Start of SOURCE MATERIAL
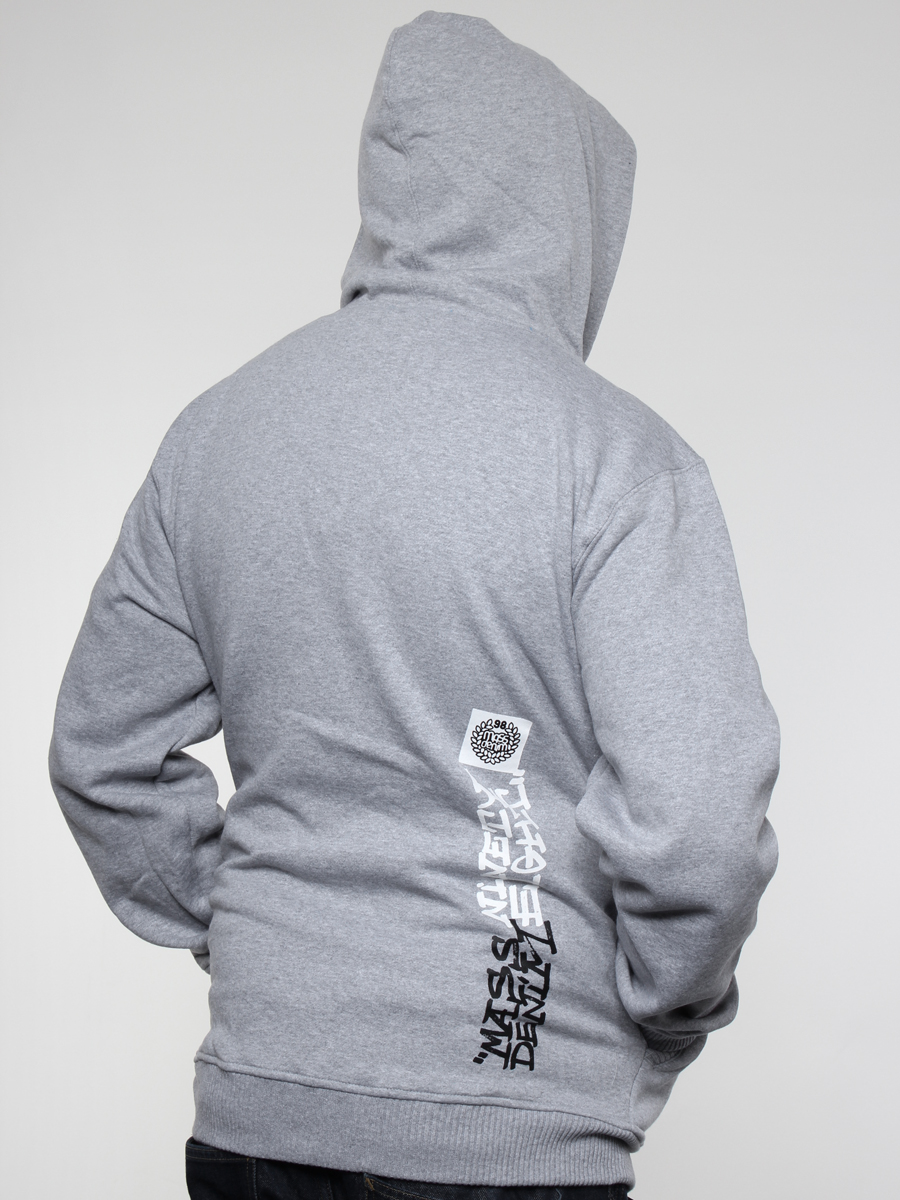 Bluza z kapturem Mass Go West ZHD (szara)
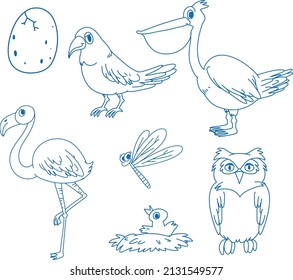 A paper with a doodle design of creature  illustration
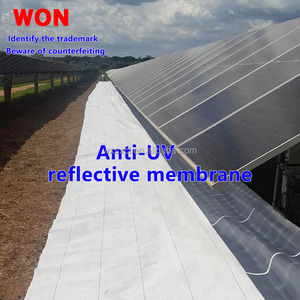 WON Venta al por mayor Productos solares resistentes al desgaste personalizados Membrana reflectante blanca para PV Garantía por 5 años Rollo - Product Image 3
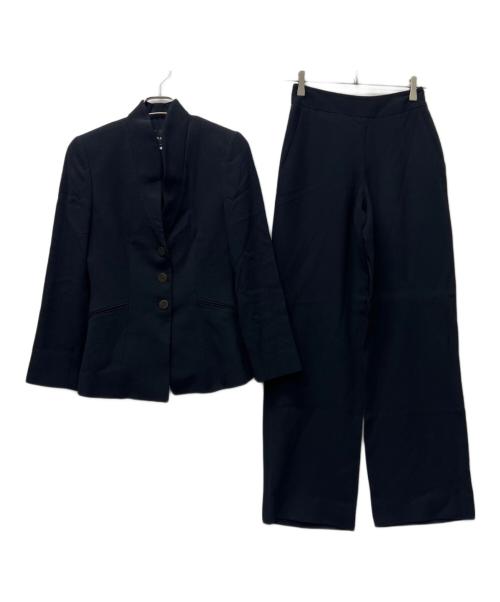 GIORGIO ARMANI（ジョルジオアルマーニ）GIORGIO ARMANI (ジョルジオアルマーニ) パンツスーツ ネイビー サイズ:３６の古着・服飾アイテム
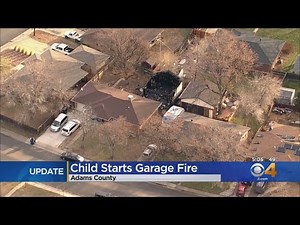 Fire Started By Child Playing With Matches, Candles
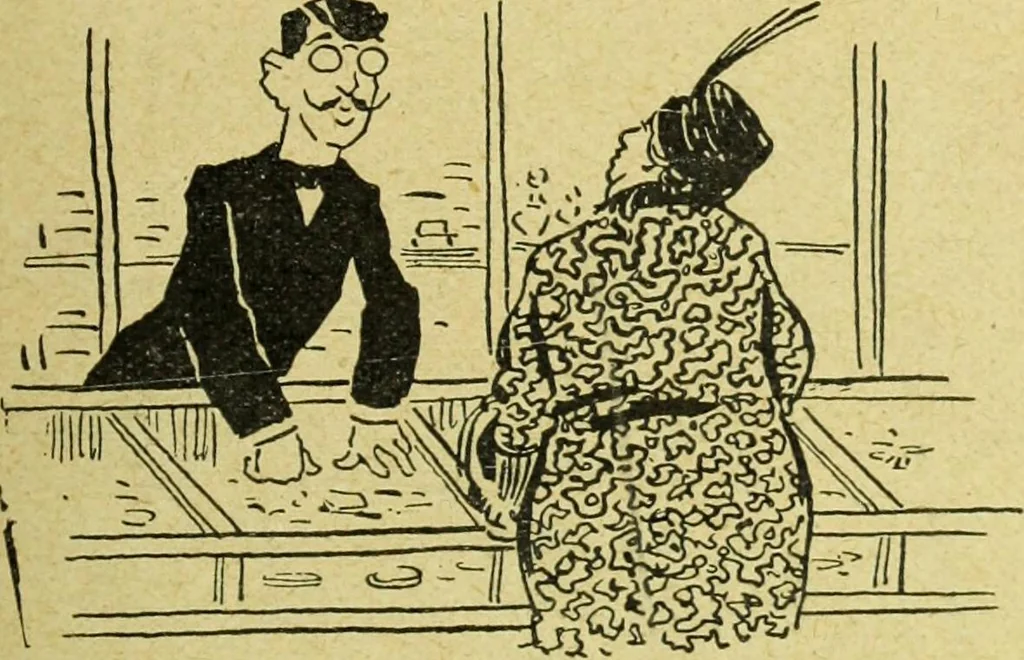 An illustration from Caras y caretas, 1898, leaf 166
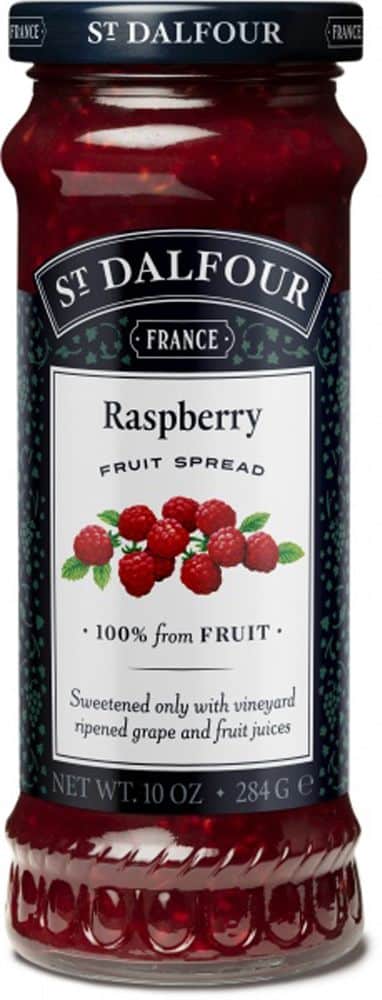 St Dalfour Raspberry Fruit Spread 284g Front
End of SOURCE MATERIAL
- PROBLEM DETAILS -
Please copy the data above character for character, skipping any pictures.

- ANSWER SPACE -
 Bluza z kapturem Mass Go West ZHD (szara)
 A paper with a doodle design of creature  illustration
 WON Venta al por mayor Productos solares resistentes al desgaste personalizados Membrana reflectante blanca para PV Garantía por 5 años Rollo - Product Image 3
 GIORGIO ARMANI（ジョルジオアルマーニ）GIORGIO ARMANI (ジョルジオアルマーニ) パンツスーツ ネイビー サイズ:３６の古着・服飾アイテム
 Fire Started By Child Playing With Matches, Candles
 An illustration from Caras y caretas, 1898, leaf 166
 St Dalfour Raspberry Fruit Spread 284g Front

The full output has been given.